Eles sumiram no domingo (5) ao se deslocar de barco pelo Rio Itaquaí após visita à Terra Indígena do Vale do Javari. Ambientalistas en todo o planeta imediatamente lembraram dos assassinatos do líder seringueiro Chico Mendes (1988) e da missionária Dorothy Stang (2005). Até o fechamento deste texto não havia notícias sobre o paradeiro de Phillips e Pereira.

O governante brasileiro é visto como inimigo das florestas e dos ecossistemas brasileiros. O desmatamento da Amazônia e outros biomas nunca foi tão grave. Com esse cenário, e com a guerra entre Rússia e Ucrânia como pano de fundo, a agenda entre Biden e Bolsonaro deve ocorrer entre quarta e sexta-feira (10).

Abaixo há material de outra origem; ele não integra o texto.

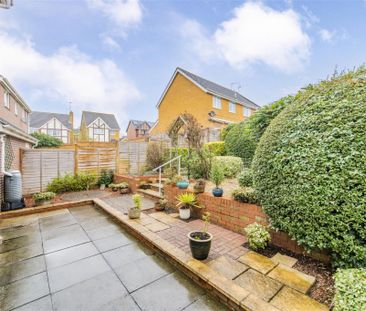 3 bed House - Detached To Let - Photo 4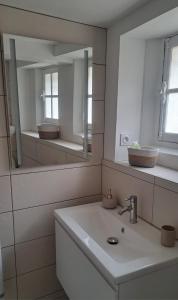 Appartements charmant appartement neuf en plein centre du village de collobrieres : photos des chambres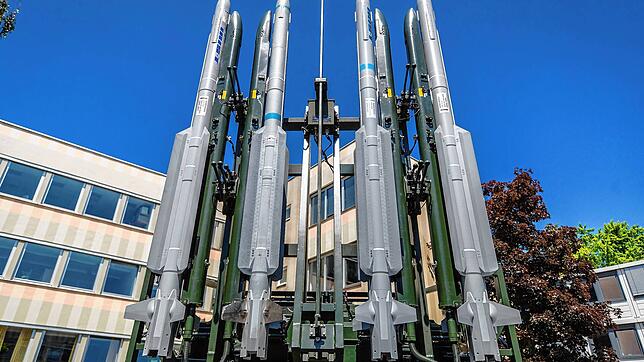 Ein Raketenabwehrsystem vom Typ Iris T steht auf dem Firmengelände von Diehl Defence in Überlingen.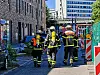 Feuerwehrleute auf dem Weg zu dem Lieferdienst an der Straße Holsteinischer Kamp in Hamburg-Barmbek.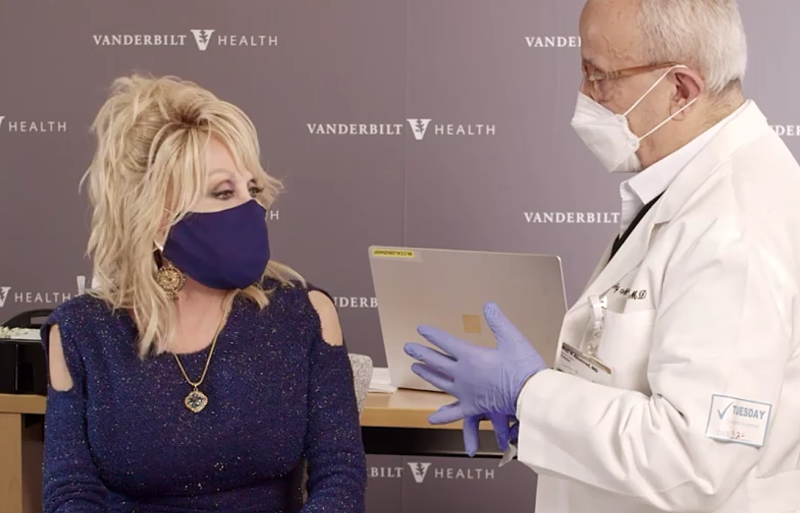 ‘Vaccine, Vaccine’, Dolly Parton wordt al zingend geprikt (video)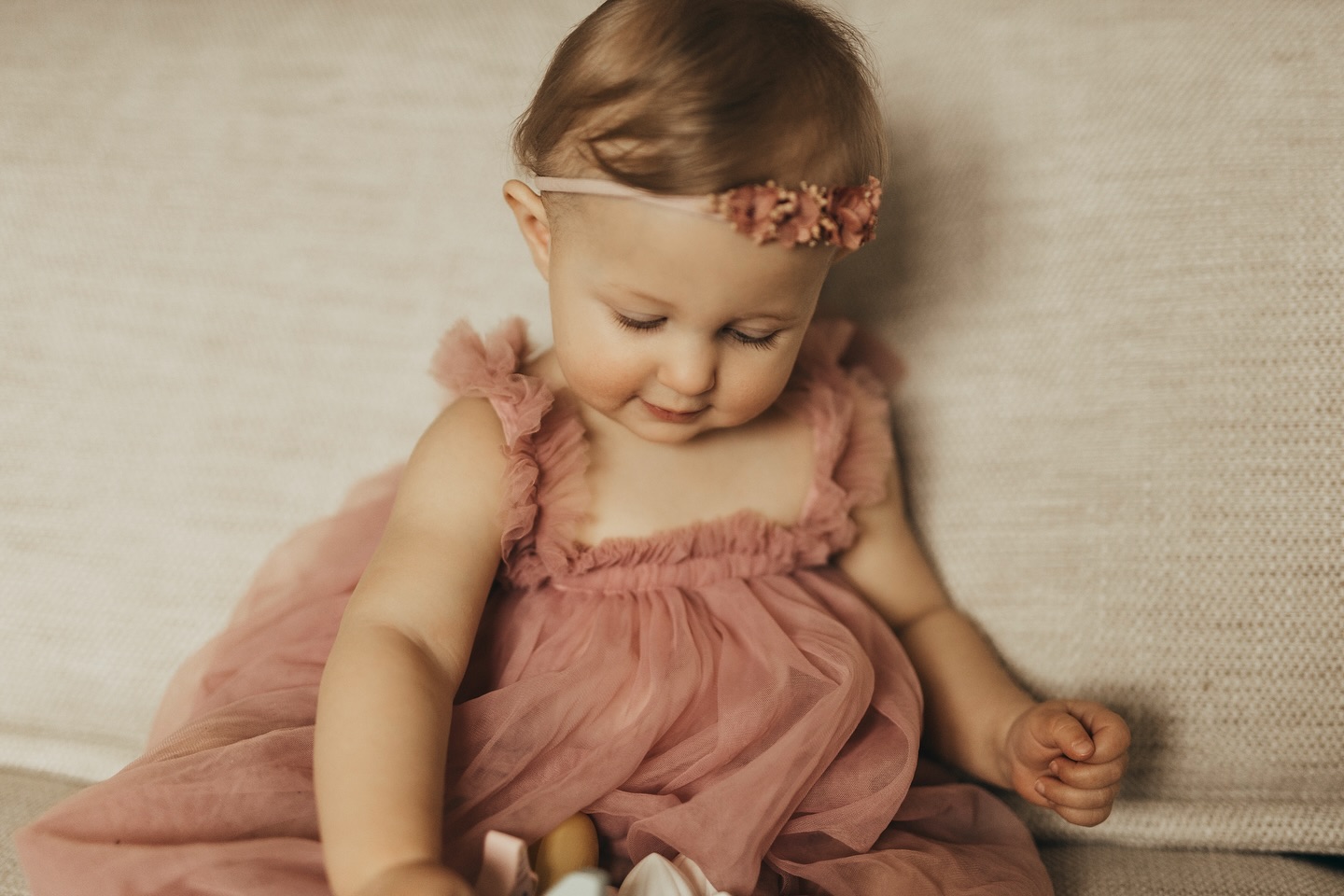 Candid Fotos, das ist meine große Leidenschaft. Ich liebe die Momente festzuhalten, wie sie wirklich sind. Ob bunt, ob laut, ob wild, ob emotional, ob nachdenklich oder verschmust. Ich lade euch in eine herzliche und entspannte Umgebung ein, mein kleines Heimstudio. Ihr braucht euch keine Gedanken zu machen, ich begleite und führe euch von eurer Anfrage bis zur Lieferung der Fotos. Jeder Zeitpunkt im Leben ist der richtige Zeitpunkt für wunderschöne Erinnerungen, an denen ihr euch ein Leben lang über mehrere Generationen erinnern könnt.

O brasileiro, que se encontrou com o russo Vladimir Putin poucos dias antes do início do conflito na Europa, poderá usar mais uma foto em sua campanha.

China: América Latina não é mais quintal dos EUA

Do outro lado do mundo, a China não perdeu a oportunidade para tripudiar sobre a desacreditada Cúpula das Américas. O jornal estatal Global Times afirma nesta segunda que os EUA enfrentarão “uma situação embaraçosa” na Cúpula.

A publicação ouviu analistas chineses segundo os quais o evento esvaziado de Los Angeles prova que a América Latina não é mais um “quintal” dos EUA. A situação reflete o declínio da hegemonia dos EUA e mostra que Washington “é incapaz de impedir que o continente busque autonomia e desenvolvimento baseado em seus interesses próprios”, diz o jornal.

O porta-voz do Ministério das Relações Exteriores da China, Zhao Lijian, em coletiva de imprensa, afirmou que, “como anfitriões da cúpula, os EUA precisam parar com todas as suas abordagens hegemônicas e dar respeito concreto aos países da América Latina e do Caribe”.

O Global Times citou na matéria o especialista em estudos latino-americanos da Academia Chinesa de Ciências Sociais, em Pequim, Guo Cunhai. O analista afirmou que, assim como México e a Argentina, também o Brasil provavelmente verá uma virada à esquerda nas eleições deste ano. “Isso prova que a política dos EUA na América Latina falhou em cuidar dos interesses dos países regionais”, disse Guo.